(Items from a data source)
□ □ □

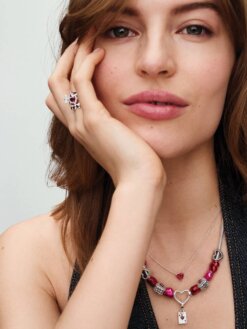 Metallicskimrande rosa hjärta berlock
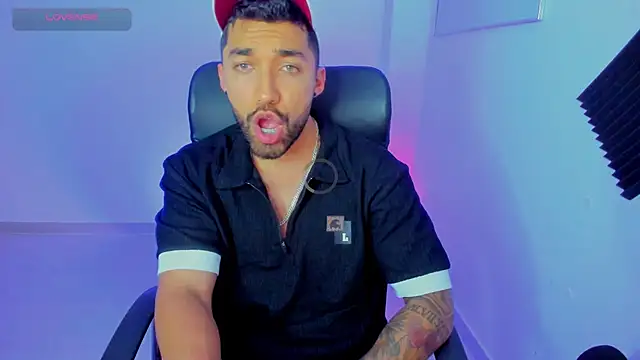 Snapshot of Sweet_and_caramel chatting on February 2026 08:55:01 AM Sweet and caramel online show from February 2026 08:55:01 AM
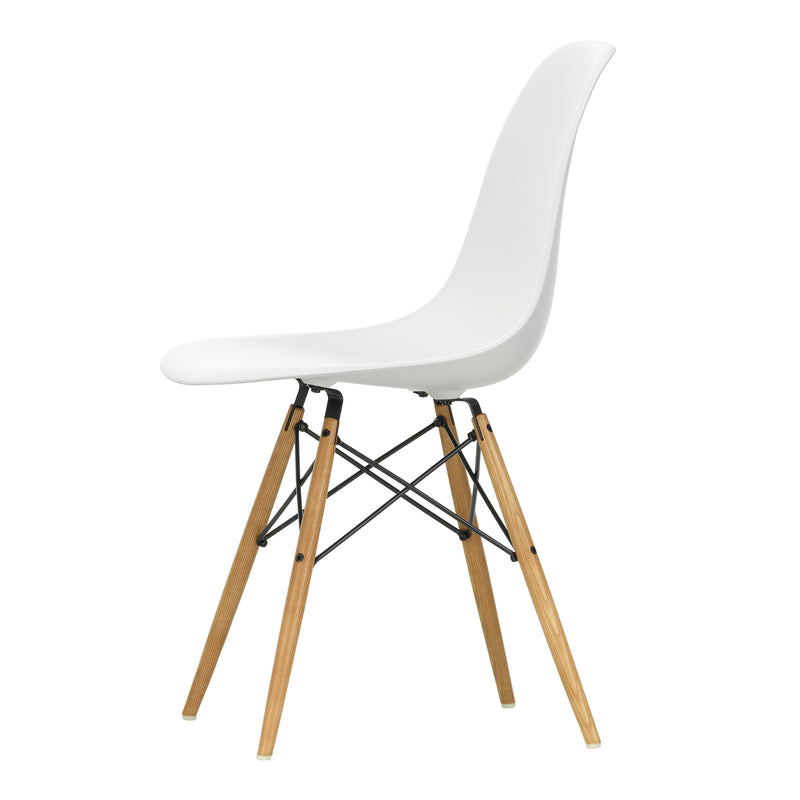 Vitra - Eames Plastic Side Chair DSW RE | Filzgleiter basic dark / weiß / Esche honigfarben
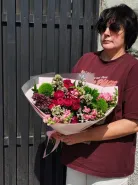 Букет с кустовыми розами «Бордовый горизонт»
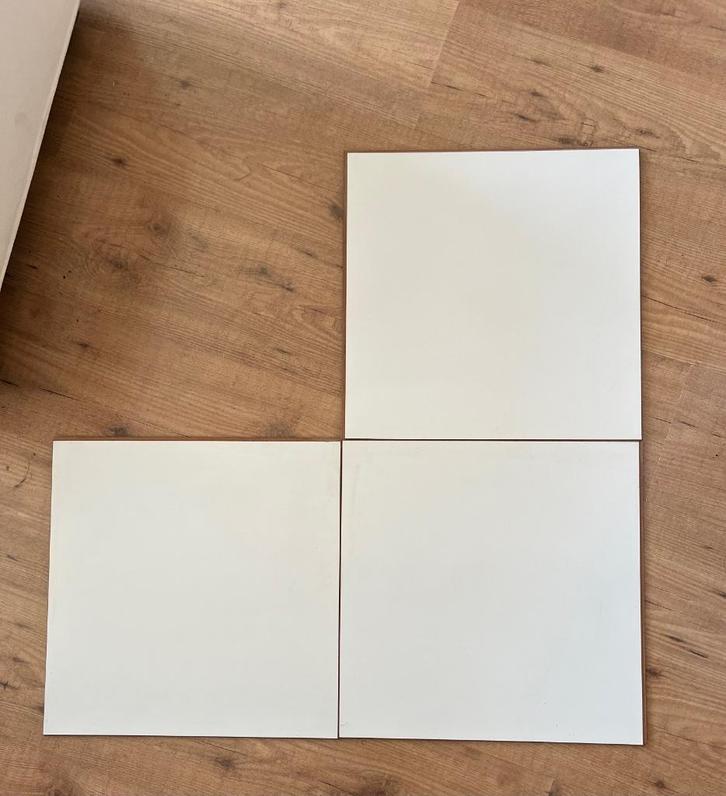 Dalles blanches pour couvrir murs ou plafonds., Bricolage & Construction, Planches & Dalles, Utilisé, Autres types, Bois, Moins de 50 cm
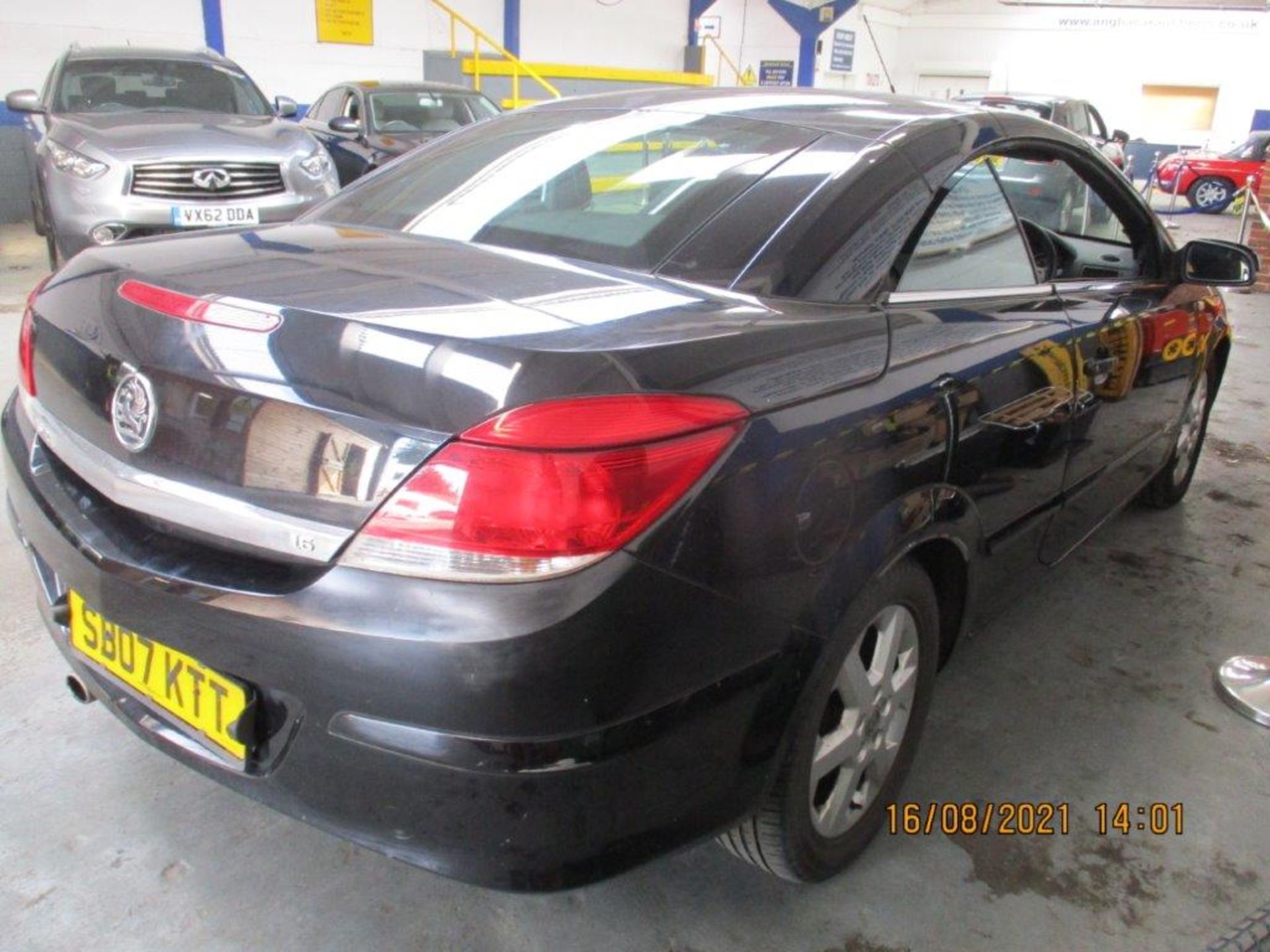 07 07 Vauxhall Astra Twin Top Sport - Image 5 of 15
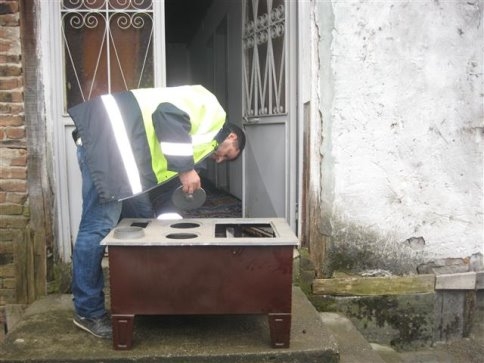 Akyazı Belediyesi İhtiyaç Sahibi Ailelere  Yardımlarına Devam Ediyor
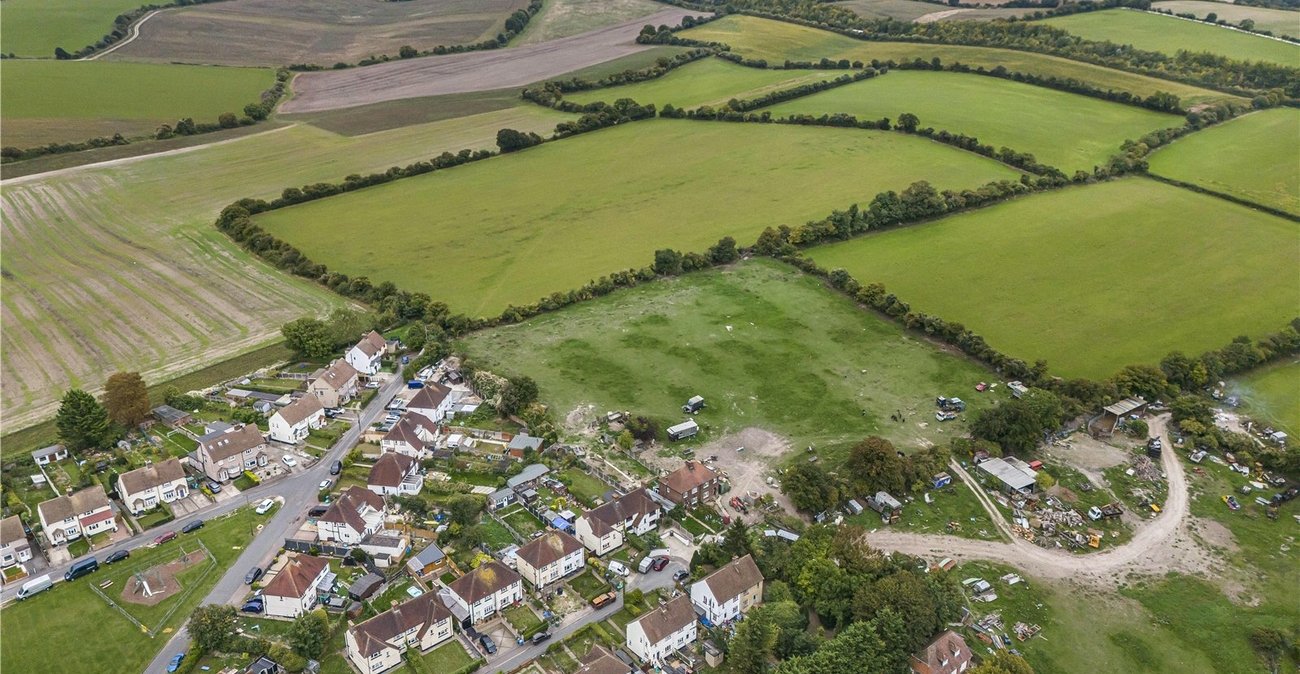 4 bedroom house for sale in Horton Kirby | Robinson Jackson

□ □ □

Task item: The copy should match each line above exactly and contain no images.

Problem solution:
 Metallicskimrande rosa hjärta berlock
 Snapshot of Sweet_and_caramel chatting on February 2026 08:55:01 AM Sweet and caramel online show from February 2026 08:55:01 AM
 Vitra - Eames Plastic Side Chair DSW RE | Filzgleiter basic dark / weiß / Esche honigfarben
 Букет с кустовыми розами «Бордовый горизонт»
 Dalles blanches pour couvrir murs ou plafonds., Bricolage & Construction, Planches & Dalles, Utilisé, Autres types, Bois, Moins de 50 cm
 07 07 Vauxhall Astra Twin Top Sport - Image 5 of 15
 Akyazı Belediyesi İhtiyaç Sahibi Ailelere  Yardımlarına Devam Ediyor
 4 bedroom house for sale in Horton Kirby | Robinson Jackson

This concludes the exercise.